■ **Work item**:
Starting at the line below that contains "Vans Shoes - *NIB*" and ending at the line that contains "215802 215807 796077", retype each line exactly as it stands, but omit the pictures.

Content starts

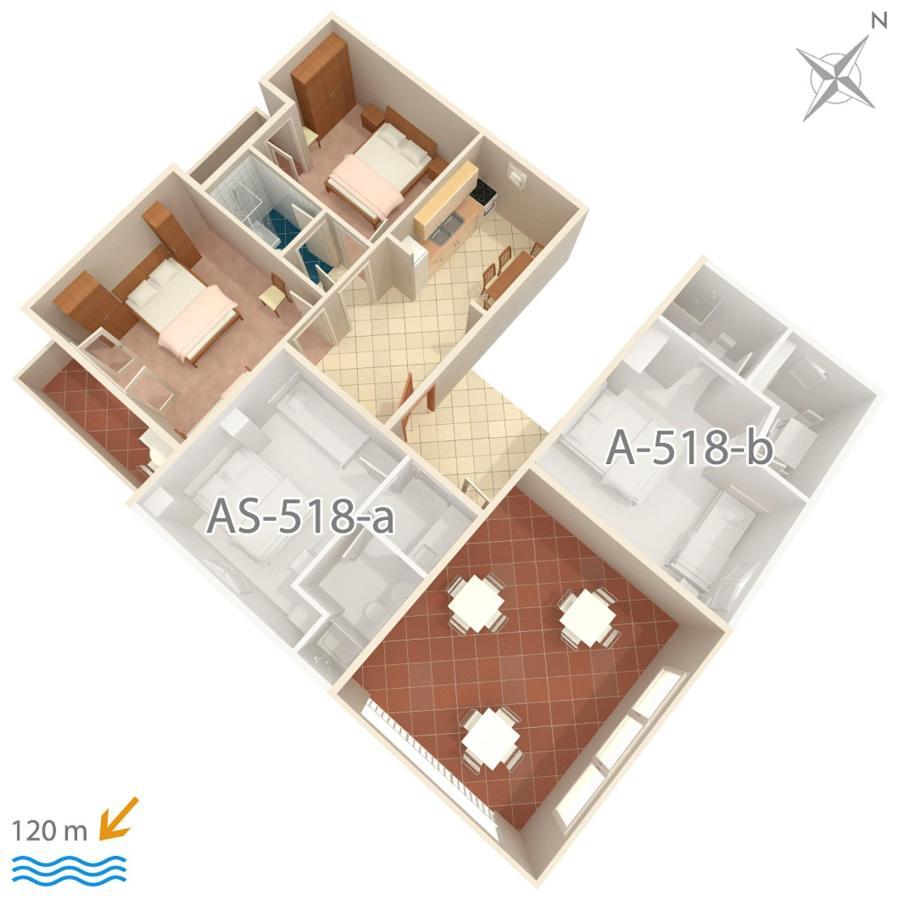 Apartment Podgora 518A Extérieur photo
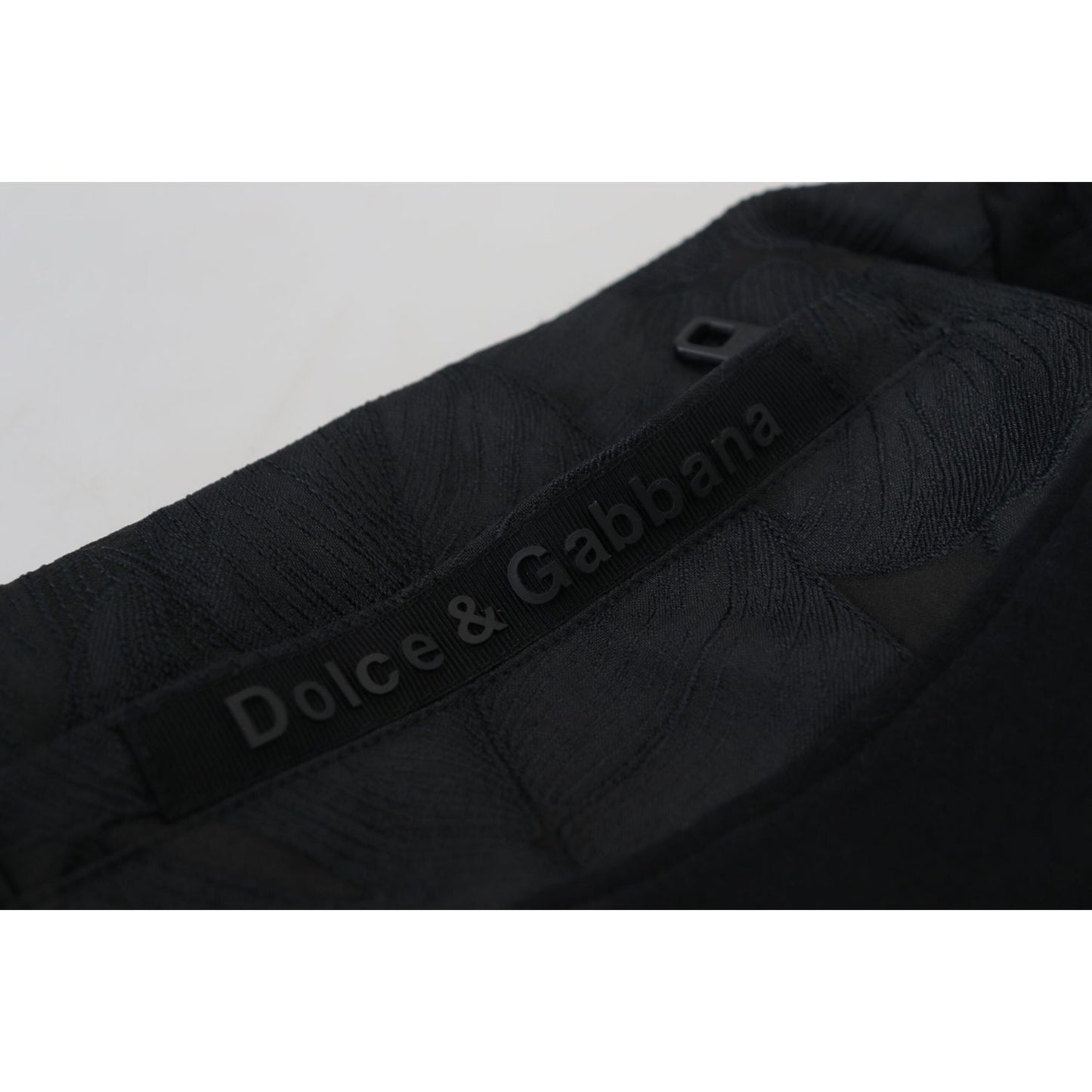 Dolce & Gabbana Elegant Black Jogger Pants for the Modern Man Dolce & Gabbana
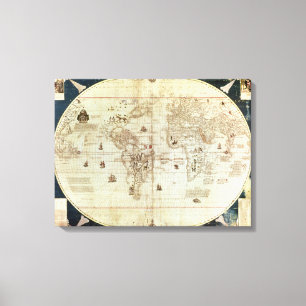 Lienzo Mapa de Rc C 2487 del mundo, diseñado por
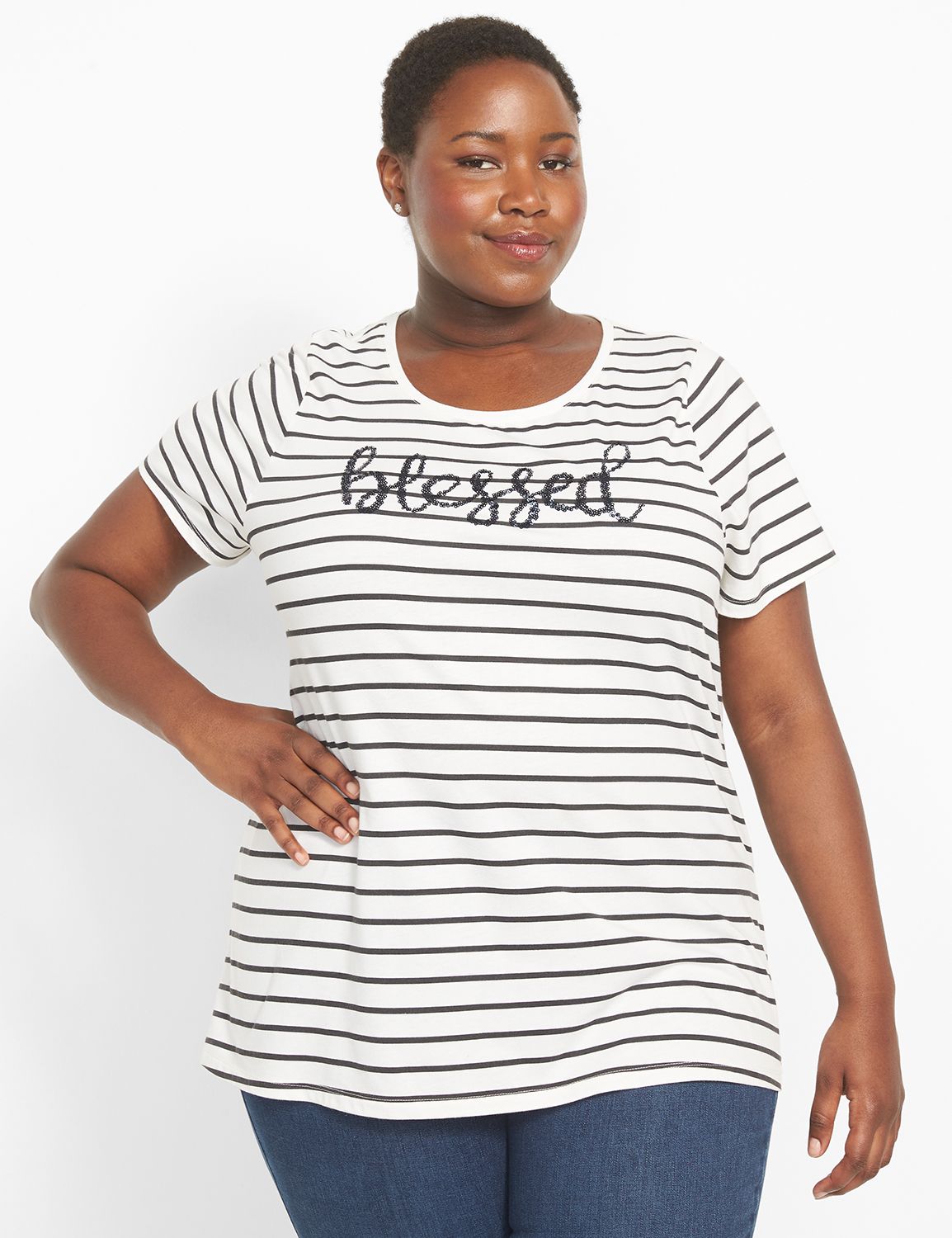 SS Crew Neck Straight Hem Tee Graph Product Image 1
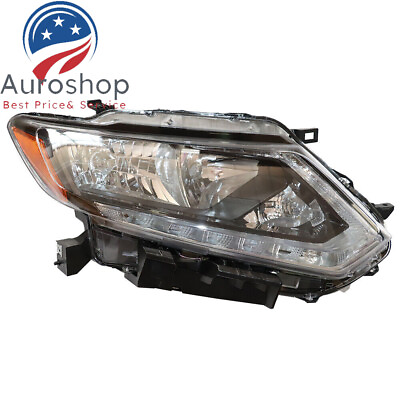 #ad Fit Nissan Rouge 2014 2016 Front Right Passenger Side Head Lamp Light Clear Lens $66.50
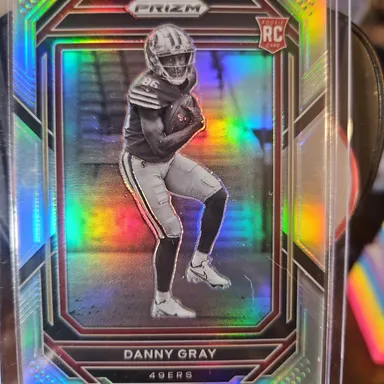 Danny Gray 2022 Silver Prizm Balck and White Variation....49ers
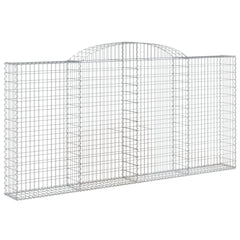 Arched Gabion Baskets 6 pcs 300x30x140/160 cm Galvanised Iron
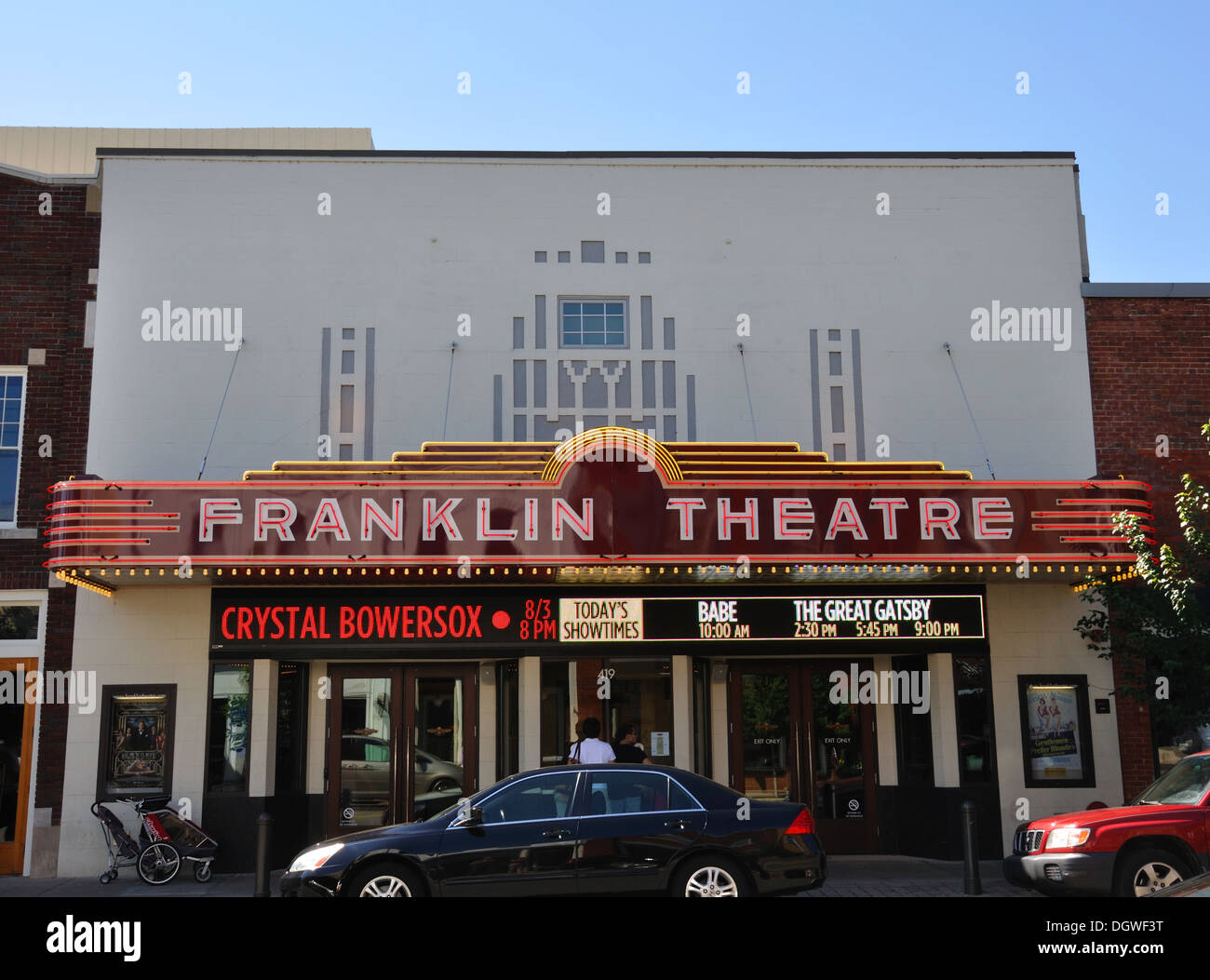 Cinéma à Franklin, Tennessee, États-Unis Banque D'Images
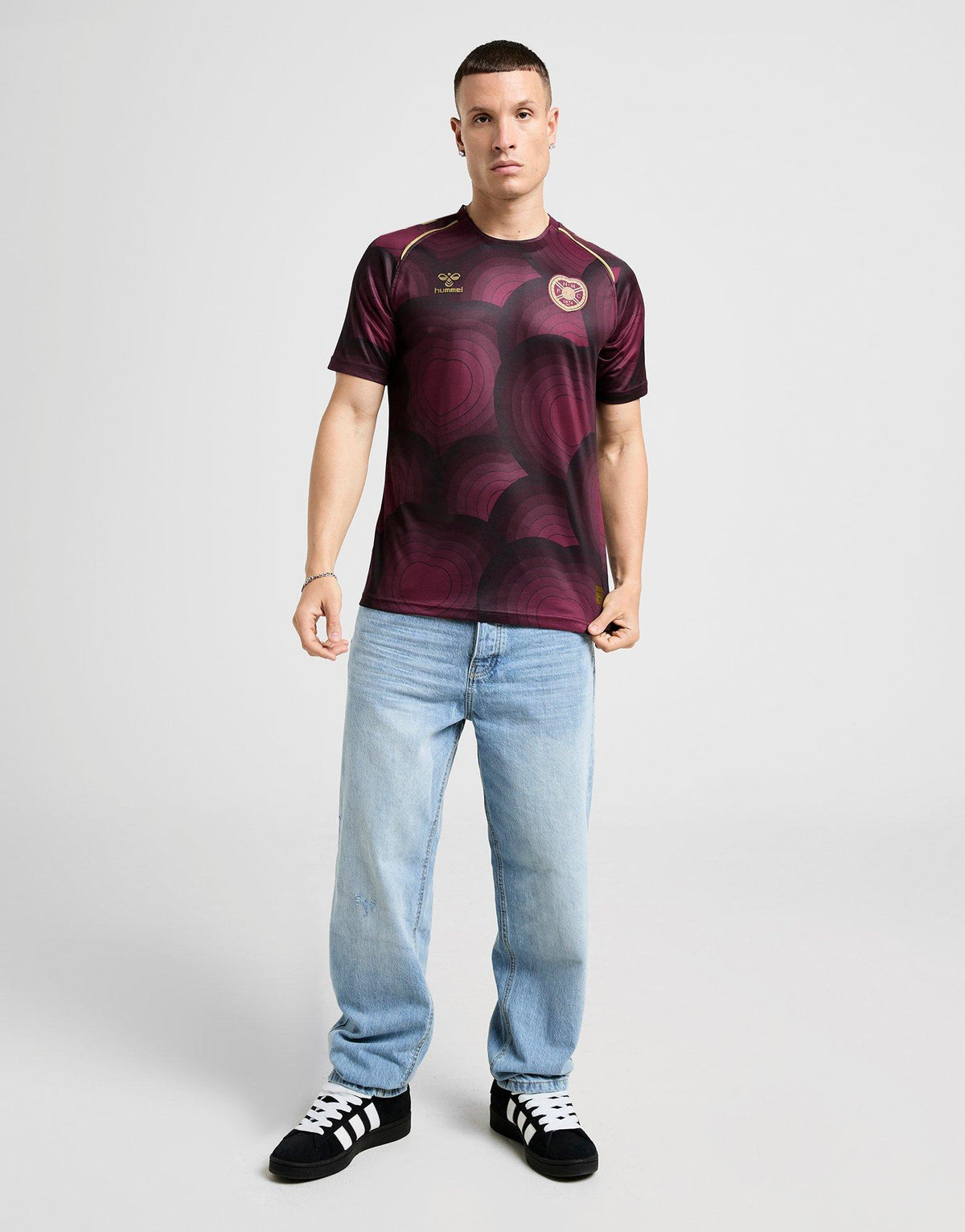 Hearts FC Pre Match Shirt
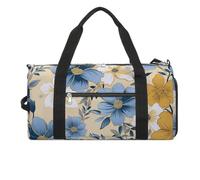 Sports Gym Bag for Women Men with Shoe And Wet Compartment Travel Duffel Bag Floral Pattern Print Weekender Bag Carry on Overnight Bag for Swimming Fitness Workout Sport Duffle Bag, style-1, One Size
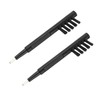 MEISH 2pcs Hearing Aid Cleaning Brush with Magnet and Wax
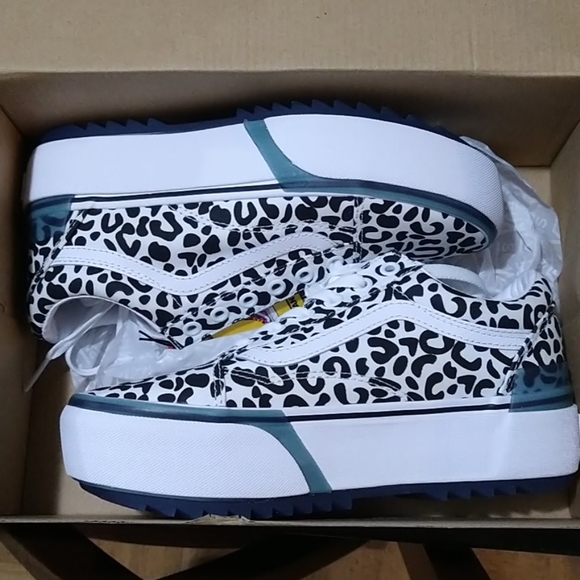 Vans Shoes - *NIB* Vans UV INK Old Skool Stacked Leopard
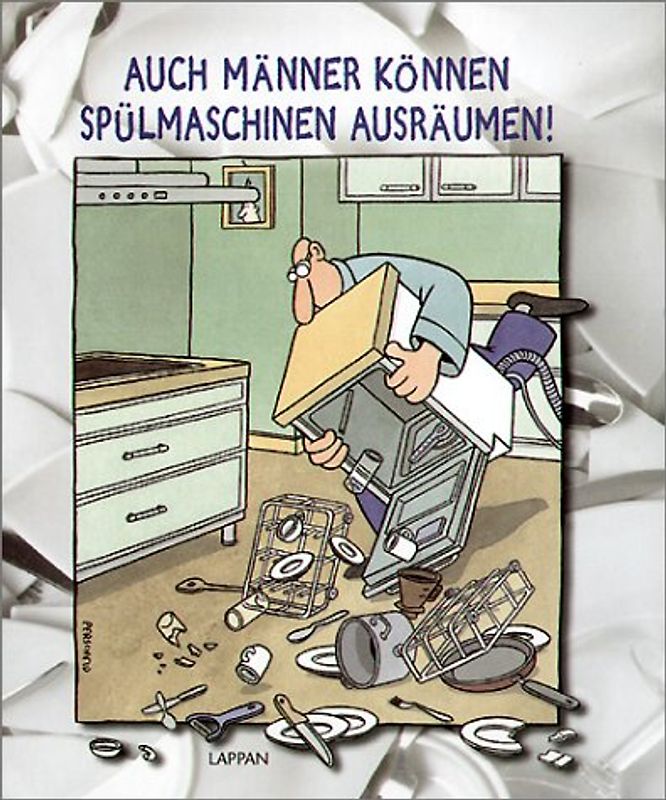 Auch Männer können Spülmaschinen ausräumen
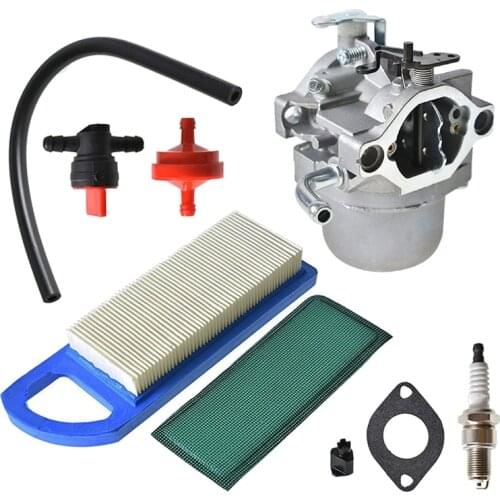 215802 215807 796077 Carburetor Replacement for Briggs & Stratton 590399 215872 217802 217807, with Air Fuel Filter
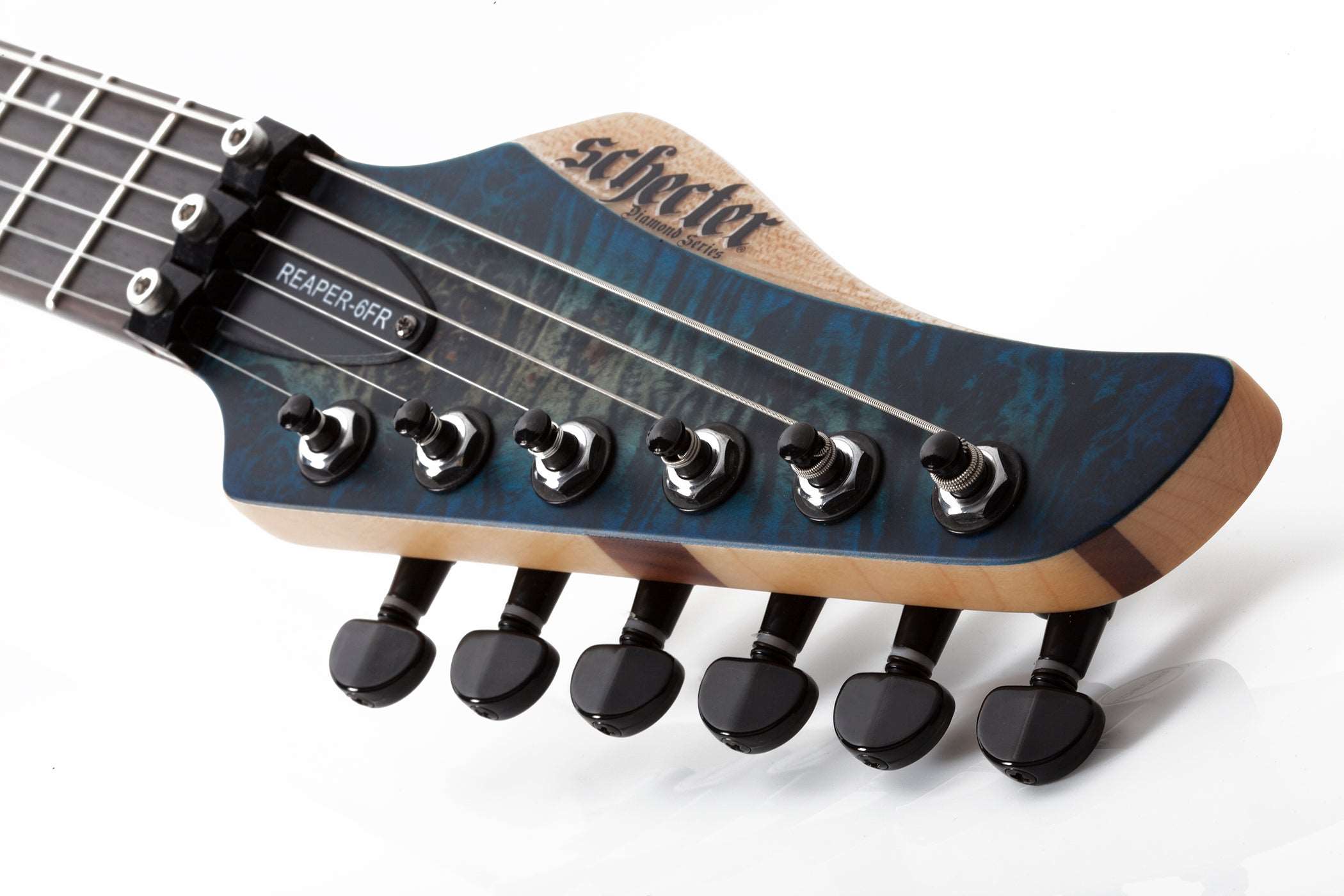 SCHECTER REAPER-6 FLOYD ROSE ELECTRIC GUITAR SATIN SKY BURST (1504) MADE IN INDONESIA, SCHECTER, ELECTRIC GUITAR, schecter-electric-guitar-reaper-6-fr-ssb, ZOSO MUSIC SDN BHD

Content ends

■ **Exercise answer**:
 Vans Shoes - *NIB* Vans UV INK Old Skool Stacked Leopard
 Auch Männer können Spülmaschinen ausräumen
 215802 215807 796077 Carburetor Replacement for Briggs & Stratton 590399 215872 217802 217807, with Air Fuel Filter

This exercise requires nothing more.